*** DATA TO EXAMINE ***

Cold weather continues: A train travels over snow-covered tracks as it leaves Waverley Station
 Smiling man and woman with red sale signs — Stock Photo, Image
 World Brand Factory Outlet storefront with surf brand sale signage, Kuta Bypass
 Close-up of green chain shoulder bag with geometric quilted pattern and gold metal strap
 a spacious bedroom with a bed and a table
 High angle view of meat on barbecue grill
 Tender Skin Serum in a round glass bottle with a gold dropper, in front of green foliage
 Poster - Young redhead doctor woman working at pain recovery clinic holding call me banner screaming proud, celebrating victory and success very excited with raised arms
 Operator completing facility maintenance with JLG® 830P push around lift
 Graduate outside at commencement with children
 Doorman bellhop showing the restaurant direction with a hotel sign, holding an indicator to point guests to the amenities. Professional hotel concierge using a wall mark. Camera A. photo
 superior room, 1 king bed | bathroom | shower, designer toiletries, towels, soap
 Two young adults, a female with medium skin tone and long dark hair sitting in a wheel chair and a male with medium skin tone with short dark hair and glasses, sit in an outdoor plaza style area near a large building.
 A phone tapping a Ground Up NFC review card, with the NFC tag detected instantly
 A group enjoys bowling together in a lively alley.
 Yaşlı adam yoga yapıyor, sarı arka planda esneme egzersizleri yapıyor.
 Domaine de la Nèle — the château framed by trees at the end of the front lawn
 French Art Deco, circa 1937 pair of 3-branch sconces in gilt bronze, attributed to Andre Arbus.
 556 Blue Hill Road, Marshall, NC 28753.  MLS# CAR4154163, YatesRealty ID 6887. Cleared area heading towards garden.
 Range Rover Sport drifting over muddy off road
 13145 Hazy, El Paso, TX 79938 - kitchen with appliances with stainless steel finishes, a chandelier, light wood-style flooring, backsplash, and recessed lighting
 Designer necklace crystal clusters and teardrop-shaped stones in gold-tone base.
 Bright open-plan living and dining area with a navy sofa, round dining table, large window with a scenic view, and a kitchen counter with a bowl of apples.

*** End of DATA TO EXAMINE ***

▶ TASK REQUIREMENTS: Restate, please, word for word the span of records running from the first line to the line bearing "World Brand Factory", both included, and nothing outside it.

▶ EXPECTED OUTPUT:
Cold weather continues: A train travels over snow-covered tracks as it leaves Waverley Station
 Smiling man and woman with red sale signs — Stock Photo, Image
 World Brand Factory Outlet storefront with surf brand sale signage, Kuta Bypass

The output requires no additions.